Jury selection begins Monday in the federal corruption trial of Philadelphia District Attorney Seth Williams.
Prosecutors claim Williams traded his influence for thousands of dollars in cash, trips and gifts, engaged in fraudulent use of campaign funds, and even stole from his own mother.
Veteran defense attorney Chuck Peruto Jr., who is not involved in the Williams’ case, said in an interview the government’s evidence is compelling, and that Williams should have negotiated a guilty plea.
“I think it’s a suicide mission to go to trial,” Peruto said.
Williams, 50, has already admitted accepting cash and gifts.
In January, he agreed to pay a $62,000 fine to the City of Philadelphia Board of Ethics for failing to report gifts on required disclosure forms for six years.
Peruto said Williams’ best hope is for his lawyers to argue that he never fixed a case in return, so the gifts and cash weren’t bribes.

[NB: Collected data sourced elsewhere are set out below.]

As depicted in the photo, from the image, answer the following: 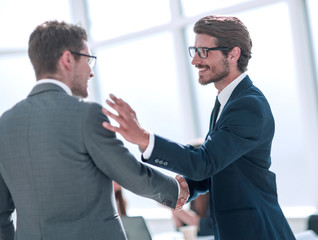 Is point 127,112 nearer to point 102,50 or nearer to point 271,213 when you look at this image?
point 271,213

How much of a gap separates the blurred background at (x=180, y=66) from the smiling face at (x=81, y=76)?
3.65m

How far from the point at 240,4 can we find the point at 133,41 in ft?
6.13

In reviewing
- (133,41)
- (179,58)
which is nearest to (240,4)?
(179,58)

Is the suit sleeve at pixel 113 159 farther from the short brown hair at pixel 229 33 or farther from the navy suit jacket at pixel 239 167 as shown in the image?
the short brown hair at pixel 229 33

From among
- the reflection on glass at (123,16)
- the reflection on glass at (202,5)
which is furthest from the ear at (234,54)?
the reflection on glass at (123,16)

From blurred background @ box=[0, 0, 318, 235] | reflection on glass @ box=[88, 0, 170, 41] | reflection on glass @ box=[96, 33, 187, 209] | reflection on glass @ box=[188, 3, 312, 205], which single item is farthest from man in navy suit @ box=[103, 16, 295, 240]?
reflection on glass @ box=[88, 0, 170, 41]

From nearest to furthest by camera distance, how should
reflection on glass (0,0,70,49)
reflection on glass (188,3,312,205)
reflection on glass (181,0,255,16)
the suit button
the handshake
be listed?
the suit button → the handshake → reflection on glass (188,3,312,205) → reflection on glass (181,0,255,16) → reflection on glass (0,0,70,49)

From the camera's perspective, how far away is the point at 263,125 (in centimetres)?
205

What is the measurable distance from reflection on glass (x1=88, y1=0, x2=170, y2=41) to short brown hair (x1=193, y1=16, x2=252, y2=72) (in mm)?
4160

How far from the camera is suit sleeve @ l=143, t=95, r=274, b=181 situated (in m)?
1.90

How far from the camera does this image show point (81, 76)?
1.82 metres

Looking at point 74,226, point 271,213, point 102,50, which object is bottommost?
point 271,213

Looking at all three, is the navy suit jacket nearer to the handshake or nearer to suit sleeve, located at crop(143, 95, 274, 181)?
suit sleeve, located at crop(143, 95, 274, 181)

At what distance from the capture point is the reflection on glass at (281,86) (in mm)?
5414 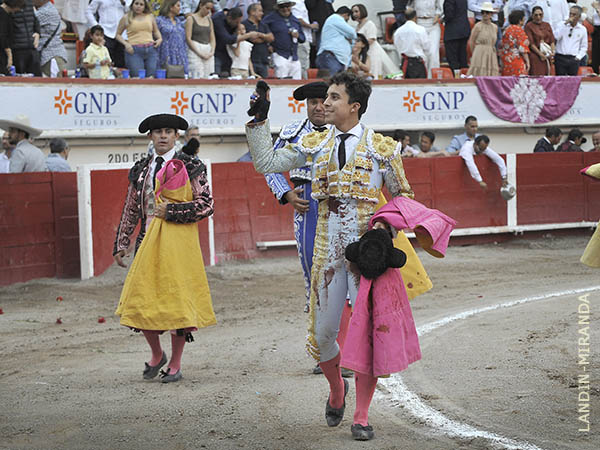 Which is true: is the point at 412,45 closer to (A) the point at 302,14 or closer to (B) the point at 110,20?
(A) the point at 302,14

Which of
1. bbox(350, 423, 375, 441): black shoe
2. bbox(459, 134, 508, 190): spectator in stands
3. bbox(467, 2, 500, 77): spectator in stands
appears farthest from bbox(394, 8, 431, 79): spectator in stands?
bbox(350, 423, 375, 441): black shoe

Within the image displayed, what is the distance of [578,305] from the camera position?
7.95 m

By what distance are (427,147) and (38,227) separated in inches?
206

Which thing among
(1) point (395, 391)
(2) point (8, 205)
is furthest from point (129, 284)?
(2) point (8, 205)

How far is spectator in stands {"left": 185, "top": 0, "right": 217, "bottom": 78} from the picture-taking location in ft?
40.4

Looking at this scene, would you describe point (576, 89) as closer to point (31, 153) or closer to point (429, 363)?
point (31, 153)

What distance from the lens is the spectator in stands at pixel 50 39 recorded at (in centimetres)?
1179

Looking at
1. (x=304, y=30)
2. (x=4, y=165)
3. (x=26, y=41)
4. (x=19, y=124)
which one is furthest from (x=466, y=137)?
(x=19, y=124)

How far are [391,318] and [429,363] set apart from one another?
1.70 meters

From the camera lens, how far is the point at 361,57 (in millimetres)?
14227

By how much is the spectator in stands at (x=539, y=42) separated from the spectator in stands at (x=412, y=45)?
161 centimetres

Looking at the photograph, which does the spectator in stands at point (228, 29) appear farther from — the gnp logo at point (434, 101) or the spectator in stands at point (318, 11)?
the gnp logo at point (434, 101)

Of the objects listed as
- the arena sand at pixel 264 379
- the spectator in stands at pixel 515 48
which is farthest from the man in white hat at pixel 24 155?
the spectator in stands at pixel 515 48

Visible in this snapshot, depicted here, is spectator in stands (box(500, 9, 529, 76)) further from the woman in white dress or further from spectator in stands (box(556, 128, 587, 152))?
the woman in white dress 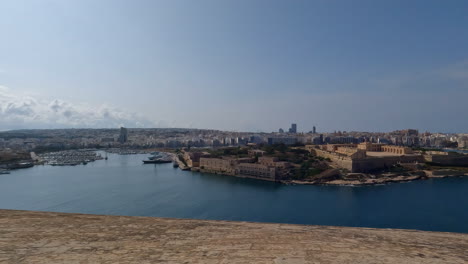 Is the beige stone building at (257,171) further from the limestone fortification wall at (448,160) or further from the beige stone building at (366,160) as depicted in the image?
the limestone fortification wall at (448,160)

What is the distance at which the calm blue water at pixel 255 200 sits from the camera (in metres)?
6.68

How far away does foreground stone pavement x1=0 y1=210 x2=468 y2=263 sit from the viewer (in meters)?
0.70

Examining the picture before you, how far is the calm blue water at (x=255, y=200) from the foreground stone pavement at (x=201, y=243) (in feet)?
18.9

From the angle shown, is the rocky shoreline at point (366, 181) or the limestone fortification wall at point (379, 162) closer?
the rocky shoreline at point (366, 181)

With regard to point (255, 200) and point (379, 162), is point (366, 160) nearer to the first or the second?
point (379, 162)

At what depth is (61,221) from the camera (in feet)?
3.39

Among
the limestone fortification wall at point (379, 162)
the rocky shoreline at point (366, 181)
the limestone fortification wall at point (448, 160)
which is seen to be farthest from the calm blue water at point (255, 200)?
the limestone fortification wall at point (448, 160)

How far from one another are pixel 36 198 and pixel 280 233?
10.6m

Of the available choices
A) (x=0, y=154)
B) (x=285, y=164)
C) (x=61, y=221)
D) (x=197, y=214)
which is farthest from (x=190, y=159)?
(x=61, y=221)

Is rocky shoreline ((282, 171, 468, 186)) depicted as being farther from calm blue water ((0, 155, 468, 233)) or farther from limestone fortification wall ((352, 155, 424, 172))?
→ limestone fortification wall ((352, 155, 424, 172))

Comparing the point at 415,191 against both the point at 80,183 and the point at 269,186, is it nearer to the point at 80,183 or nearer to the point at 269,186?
the point at 269,186

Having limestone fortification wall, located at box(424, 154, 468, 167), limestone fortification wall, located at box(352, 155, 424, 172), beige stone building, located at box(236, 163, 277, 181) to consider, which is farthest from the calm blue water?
limestone fortification wall, located at box(424, 154, 468, 167)

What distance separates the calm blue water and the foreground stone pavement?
5755 millimetres

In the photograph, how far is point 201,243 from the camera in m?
0.82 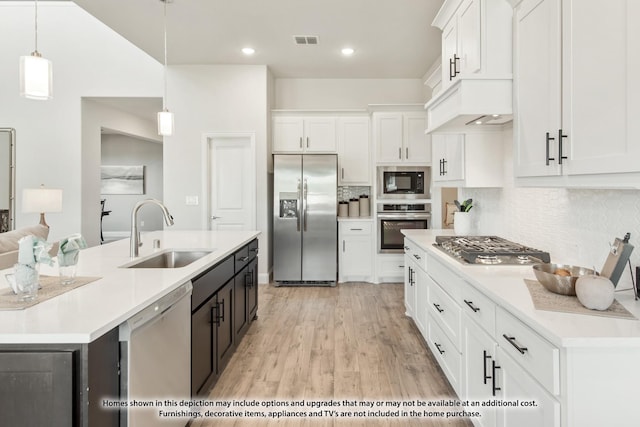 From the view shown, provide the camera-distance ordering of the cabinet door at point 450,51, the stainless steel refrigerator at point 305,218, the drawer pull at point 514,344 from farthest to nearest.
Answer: the stainless steel refrigerator at point 305,218 → the cabinet door at point 450,51 → the drawer pull at point 514,344

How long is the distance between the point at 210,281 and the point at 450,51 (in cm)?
240

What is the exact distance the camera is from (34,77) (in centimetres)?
212

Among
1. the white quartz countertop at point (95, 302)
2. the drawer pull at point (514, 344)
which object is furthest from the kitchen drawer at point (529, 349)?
the white quartz countertop at point (95, 302)

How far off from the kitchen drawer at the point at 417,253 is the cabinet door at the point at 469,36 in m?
1.43

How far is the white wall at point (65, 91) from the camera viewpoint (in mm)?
5621

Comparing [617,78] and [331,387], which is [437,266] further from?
[617,78]

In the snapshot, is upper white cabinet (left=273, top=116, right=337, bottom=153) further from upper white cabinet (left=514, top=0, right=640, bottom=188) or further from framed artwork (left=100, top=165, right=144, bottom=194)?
framed artwork (left=100, top=165, right=144, bottom=194)

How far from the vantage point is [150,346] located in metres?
1.54

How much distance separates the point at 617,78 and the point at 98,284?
2.23 metres

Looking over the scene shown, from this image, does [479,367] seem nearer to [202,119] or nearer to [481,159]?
[481,159]

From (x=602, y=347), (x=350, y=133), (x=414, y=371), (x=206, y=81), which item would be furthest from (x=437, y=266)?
(x=206, y=81)

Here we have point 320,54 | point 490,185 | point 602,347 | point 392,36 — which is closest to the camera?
point 602,347

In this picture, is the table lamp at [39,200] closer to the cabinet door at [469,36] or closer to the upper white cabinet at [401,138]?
the upper white cabinet at [401,138]

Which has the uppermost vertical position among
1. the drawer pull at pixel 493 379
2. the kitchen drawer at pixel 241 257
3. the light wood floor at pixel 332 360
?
the kitchen drawer at pixel 241 257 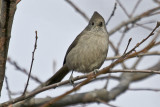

“It’s cross examination, to demonstrate these things are not illegal. They might be unethical, but they’re not illegal per se, that they’re commonplace,” Peruto said. “You have to get a jury who’s really, really lenient to go along with it. It’s a tough, tough case.”
George Parry, an attorney who’s worked as both a state and federal prosecutor, agreed Williams’ only defense is that the gifts were innocent favors from friends. Parry also has no involvement in the case.
“The problem he’s going to have is he did not report these benefits on his state disclosure statements,” Parry said. “And if everything was just fine, and he had no criminal intent, then why did he not report what he received?”
Peruto said he wouldn’t advise Williams to testify in the case.
In Parry’s view, the two-term Democrat has no choice but to take the stand.
“In my experience, any time a criminal defendant doesn’t testify, all you’re doing is conducting a slow guilty plea,” Parry said.
“Williams is a very loquacious guy. I’m sure he can be very appealing. But whether a jury is going to want to listen to him, after the government presents its evidence, really remains to be seen.”
Williams’ attorney, Thomas Burke, declined comment on the upcoming trial, as did Assistant U.S Attorney Robert Zauzmer.
Williams withdrew from his re-election campaign in February, but has chosen to remain in office while he fights the corruption charges.
He wouldn’t be required to relinquish the office unless he is convicted and sentenced for any crimes.